Bonus Chapter - Gemma
The house has never been this quiet.
Not the held-breath quiet of late nights when Ivy was asleep down the hall — that was a different kind of quiet, watchful and conditional, always one small nightmare away from ending. This is empty-house quiet. Just the refrigerator hum and the distant sound of Beck in the living room and the very specific, low-grade electricity of a woman who has Plans.
Capital P.
Ivy is at her first sleepover. She packed her backpack with the thoroughness of someone preparing for a wilderness expedition — three changes of clothes, her stuffed triceratops, a laminated dinosaur fact card she made herself in case her new friends had questions, and a detailed set of care instructions she dictated to me for Stego's benefit while she was away. I promised to follow every point. Beck promised with slightly less conviction. Ivy noticed, made him repeat himself, and then extracted a secondary promise from me to supervise him.

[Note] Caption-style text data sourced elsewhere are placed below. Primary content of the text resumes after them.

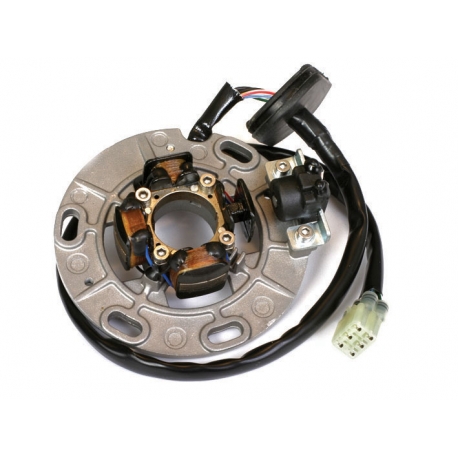 ELECTREX UZWOJENIE ALTERNATORA (STATOR) YAMAHA YZ 250 '99-'02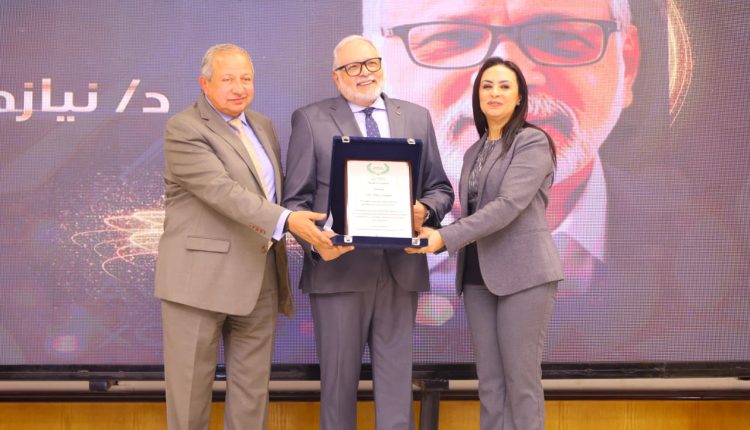 وزيرة التضامن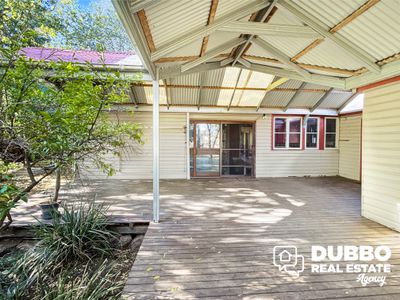 27 Jennings Street, Geurie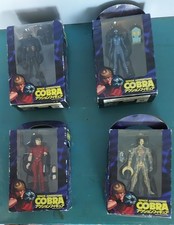 Cobra space adventure d'occasion  Achères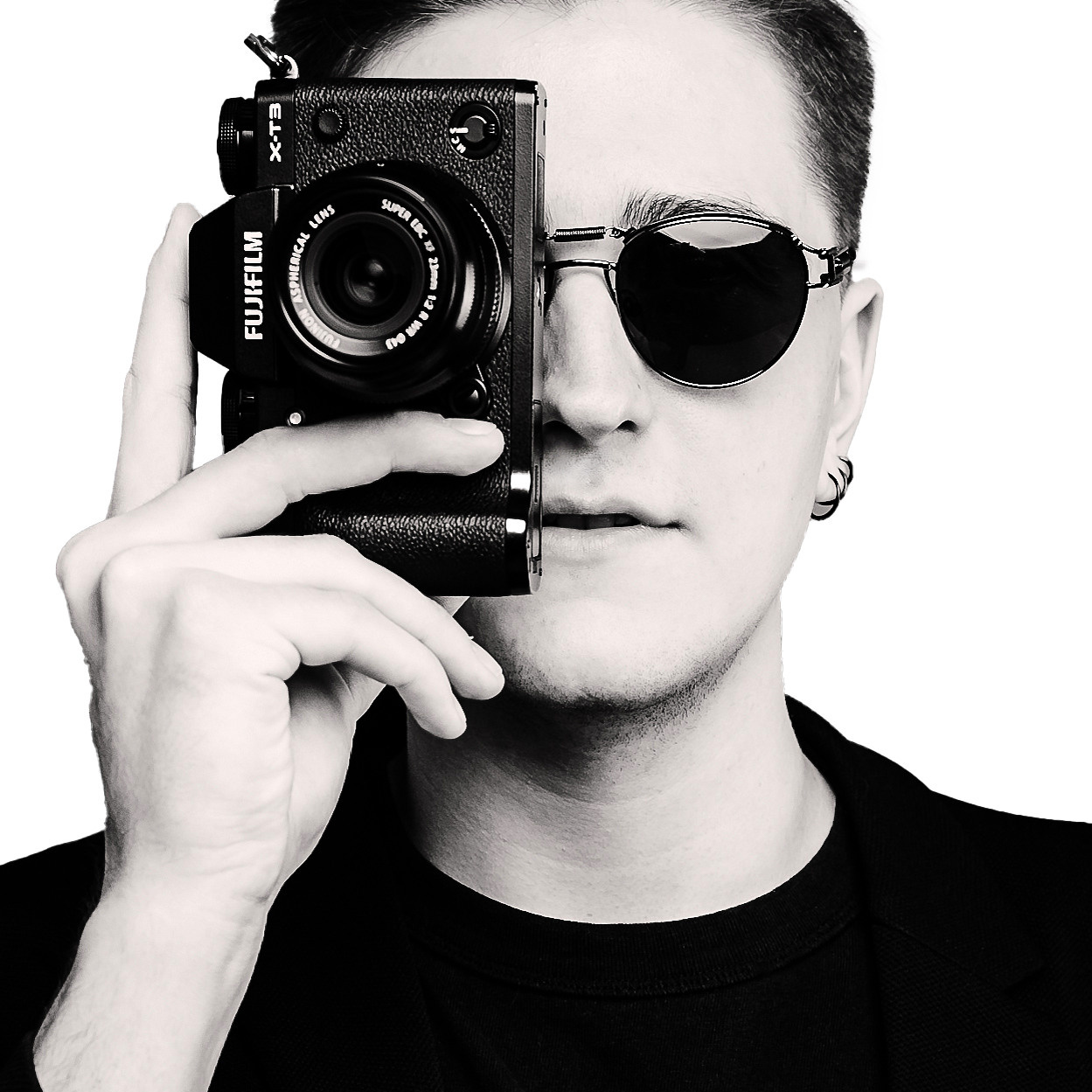 Контакты. Матвей Яворский — фотограф в Челябинске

The backpack left the house. Ivy left the house, waving out the car window like a tiny, opinionated general dispatching her troops. And now here I am, standing in front of the bathroom mirror, looking at what I've put on, feeling a very specific and deeply satisfying kind of smug.
The silk wrap dress is not complicated. Deep green, cut just short enough to be interesting, with a neckline that does exactly what I need it to do. I bought it weeks ago with tonight in mind and buried it behind my paramedic gear in the back of the closet, because Beck has the inconvenient habit of noticing things.
He has not noticed this yet.
He is about to.
***
Beck is in the kitchen when I come out, leaning against the counter in that faded blue henley, reading something on his phone. He has a beer beside him and the look of a man who has fully resigned himself to a quiet evening and made his peace with it.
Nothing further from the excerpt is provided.